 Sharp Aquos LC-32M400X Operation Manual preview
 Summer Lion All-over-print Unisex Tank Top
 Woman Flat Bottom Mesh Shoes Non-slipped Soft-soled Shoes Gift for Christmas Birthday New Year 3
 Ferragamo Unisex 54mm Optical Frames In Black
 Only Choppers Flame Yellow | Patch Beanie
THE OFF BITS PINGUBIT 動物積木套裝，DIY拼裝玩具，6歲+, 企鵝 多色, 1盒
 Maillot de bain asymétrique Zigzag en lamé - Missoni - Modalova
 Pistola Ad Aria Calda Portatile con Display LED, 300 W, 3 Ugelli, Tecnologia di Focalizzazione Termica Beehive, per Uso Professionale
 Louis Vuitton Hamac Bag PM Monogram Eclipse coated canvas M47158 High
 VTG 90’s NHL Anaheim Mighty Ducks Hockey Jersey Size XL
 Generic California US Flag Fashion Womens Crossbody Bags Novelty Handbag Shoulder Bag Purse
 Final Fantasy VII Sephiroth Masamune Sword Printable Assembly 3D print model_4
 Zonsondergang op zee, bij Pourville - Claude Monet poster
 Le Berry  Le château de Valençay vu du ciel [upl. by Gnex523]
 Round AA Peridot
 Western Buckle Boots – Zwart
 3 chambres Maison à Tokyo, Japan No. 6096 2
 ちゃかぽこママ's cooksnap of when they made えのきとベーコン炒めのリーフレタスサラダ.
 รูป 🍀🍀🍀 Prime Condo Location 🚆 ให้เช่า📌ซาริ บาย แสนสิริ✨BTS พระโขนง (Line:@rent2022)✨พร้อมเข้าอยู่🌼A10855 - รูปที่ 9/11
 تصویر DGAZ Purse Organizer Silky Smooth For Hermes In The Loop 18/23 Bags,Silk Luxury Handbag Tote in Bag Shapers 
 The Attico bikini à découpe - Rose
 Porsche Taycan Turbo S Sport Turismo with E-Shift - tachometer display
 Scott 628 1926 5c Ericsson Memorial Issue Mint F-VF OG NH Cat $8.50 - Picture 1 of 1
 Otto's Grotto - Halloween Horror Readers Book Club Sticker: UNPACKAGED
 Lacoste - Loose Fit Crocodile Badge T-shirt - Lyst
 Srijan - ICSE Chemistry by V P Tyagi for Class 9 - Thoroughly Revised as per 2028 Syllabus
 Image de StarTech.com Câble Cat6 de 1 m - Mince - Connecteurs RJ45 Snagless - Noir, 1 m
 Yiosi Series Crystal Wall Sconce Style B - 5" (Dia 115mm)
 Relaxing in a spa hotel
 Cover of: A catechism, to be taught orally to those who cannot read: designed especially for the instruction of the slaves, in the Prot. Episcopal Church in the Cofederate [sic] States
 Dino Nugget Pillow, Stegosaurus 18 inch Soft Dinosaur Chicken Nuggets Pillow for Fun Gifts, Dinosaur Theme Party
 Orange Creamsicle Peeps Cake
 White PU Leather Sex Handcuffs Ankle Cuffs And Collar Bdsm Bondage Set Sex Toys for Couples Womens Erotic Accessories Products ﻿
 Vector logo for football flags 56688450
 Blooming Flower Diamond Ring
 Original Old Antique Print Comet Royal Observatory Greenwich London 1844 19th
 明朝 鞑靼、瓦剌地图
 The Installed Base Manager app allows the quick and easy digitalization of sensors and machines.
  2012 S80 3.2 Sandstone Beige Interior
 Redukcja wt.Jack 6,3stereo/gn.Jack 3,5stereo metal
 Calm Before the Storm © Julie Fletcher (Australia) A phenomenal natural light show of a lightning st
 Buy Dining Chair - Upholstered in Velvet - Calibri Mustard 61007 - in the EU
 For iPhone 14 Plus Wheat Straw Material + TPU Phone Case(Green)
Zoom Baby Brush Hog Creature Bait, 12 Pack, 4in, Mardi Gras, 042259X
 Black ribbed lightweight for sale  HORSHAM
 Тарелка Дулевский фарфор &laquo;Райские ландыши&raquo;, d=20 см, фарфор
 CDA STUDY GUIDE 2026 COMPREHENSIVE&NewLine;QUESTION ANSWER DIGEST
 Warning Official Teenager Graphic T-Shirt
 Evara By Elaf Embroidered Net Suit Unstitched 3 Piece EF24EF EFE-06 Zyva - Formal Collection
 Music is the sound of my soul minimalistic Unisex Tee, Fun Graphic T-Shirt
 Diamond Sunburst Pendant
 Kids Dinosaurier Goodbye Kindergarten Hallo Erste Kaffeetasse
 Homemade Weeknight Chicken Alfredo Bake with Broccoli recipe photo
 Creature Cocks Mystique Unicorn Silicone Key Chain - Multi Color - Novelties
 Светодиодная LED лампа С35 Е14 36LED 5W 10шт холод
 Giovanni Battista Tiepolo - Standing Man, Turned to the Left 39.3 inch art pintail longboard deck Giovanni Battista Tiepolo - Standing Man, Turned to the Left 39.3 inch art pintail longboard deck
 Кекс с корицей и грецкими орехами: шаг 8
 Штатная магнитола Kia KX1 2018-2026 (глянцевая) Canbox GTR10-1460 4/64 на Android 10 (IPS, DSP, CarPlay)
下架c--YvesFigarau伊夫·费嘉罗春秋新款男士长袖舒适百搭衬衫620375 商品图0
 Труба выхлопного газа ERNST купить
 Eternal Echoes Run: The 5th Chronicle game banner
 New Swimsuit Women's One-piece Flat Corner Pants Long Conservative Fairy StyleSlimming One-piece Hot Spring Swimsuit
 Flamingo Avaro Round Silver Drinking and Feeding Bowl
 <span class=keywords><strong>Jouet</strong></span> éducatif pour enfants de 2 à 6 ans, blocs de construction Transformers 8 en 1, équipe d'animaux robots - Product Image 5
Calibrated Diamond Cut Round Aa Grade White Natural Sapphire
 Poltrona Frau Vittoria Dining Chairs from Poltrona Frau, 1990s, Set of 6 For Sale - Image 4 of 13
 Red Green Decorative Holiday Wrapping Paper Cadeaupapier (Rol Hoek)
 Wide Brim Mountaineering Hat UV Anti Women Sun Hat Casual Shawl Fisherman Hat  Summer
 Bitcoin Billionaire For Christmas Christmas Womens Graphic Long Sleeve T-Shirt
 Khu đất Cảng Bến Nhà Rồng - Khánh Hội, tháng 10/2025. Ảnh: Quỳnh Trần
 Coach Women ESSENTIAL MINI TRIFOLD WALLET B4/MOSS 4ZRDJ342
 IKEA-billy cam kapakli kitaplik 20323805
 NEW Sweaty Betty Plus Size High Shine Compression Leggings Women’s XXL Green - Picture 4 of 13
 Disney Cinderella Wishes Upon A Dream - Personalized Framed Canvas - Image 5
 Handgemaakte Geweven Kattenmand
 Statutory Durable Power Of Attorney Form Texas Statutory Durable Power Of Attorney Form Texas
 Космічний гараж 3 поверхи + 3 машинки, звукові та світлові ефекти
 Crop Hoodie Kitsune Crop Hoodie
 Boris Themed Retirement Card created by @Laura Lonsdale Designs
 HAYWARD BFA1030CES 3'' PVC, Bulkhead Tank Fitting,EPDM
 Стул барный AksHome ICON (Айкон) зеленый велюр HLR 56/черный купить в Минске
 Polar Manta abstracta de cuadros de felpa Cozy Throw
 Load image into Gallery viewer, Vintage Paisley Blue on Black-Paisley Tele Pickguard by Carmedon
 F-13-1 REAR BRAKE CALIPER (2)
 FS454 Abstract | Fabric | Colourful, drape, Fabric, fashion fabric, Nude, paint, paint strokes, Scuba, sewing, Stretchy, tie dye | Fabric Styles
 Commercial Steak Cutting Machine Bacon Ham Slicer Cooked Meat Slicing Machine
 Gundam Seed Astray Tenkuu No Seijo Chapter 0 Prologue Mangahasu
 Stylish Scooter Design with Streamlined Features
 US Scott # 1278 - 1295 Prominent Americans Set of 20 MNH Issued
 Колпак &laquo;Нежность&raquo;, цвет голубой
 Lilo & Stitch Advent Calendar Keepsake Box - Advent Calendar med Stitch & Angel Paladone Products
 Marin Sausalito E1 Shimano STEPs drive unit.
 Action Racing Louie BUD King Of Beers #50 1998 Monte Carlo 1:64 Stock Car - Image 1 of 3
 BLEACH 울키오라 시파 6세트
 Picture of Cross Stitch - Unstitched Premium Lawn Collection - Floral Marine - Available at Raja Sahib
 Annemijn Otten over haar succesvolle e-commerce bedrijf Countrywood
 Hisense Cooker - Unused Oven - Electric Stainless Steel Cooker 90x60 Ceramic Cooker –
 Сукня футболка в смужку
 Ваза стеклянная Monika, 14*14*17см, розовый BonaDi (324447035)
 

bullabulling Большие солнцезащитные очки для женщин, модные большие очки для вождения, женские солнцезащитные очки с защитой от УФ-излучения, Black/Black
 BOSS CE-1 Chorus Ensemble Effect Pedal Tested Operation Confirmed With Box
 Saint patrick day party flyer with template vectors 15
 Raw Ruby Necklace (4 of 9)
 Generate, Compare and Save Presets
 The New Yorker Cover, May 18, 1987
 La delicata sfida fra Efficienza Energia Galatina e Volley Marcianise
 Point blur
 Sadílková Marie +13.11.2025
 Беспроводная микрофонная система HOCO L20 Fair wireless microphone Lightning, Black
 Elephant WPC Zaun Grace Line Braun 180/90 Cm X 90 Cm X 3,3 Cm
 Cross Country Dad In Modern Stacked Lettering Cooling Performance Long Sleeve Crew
◇ ◇ ◇ ◇ ◇
▸ **Aim of the exercise**
If a line falls between the first line of the records and the line containing "Final Fantasy VII", inclusive, repeat it exactly; leave out all others.

▸ **Answer to the exercise**
 Sharp Aquos LC-32M400X Operation Manual preview
 Summer Lion All-over-print Unisex Tank Top
 Woman Flat Bottom Mesh Shoes Non-slipped Soft-soled Shoes Gift for Christmas Birthday New Year 3
 Ferragamo Unisex 54mm Optical Frames In Black
 Only Choppers Flame Yellow | Patch Beanie
THE OFF BITS PINGUBIT 動物積木套裝，DIY拼裝玩具，6歲+, 企鵝 多色, 1盒
 Maillot de bain asymétrique Zigzag en lamé - Missoni - Modalova
 Pistola Ad Aria Calda Portatile con Display LED, 300 W, 3 Ugelli, Tecnologia di Focalizzazione Termica Beehive, per Uso Professionale
 Louis Vuitton Hamac Bag PM Monogram Eclipse coated canvas M47158 High
 VTG 90’s NHL Anaheim Mighty Ducks Hockey Jersey Size XL
 Generic California US Flag Fashion Womens Crossbody Bags Novelty Handbag Shoulder Bag Purse
 Final Fantasy VII Sephiroth Masamune Sword Printable Assembly 3D print model_4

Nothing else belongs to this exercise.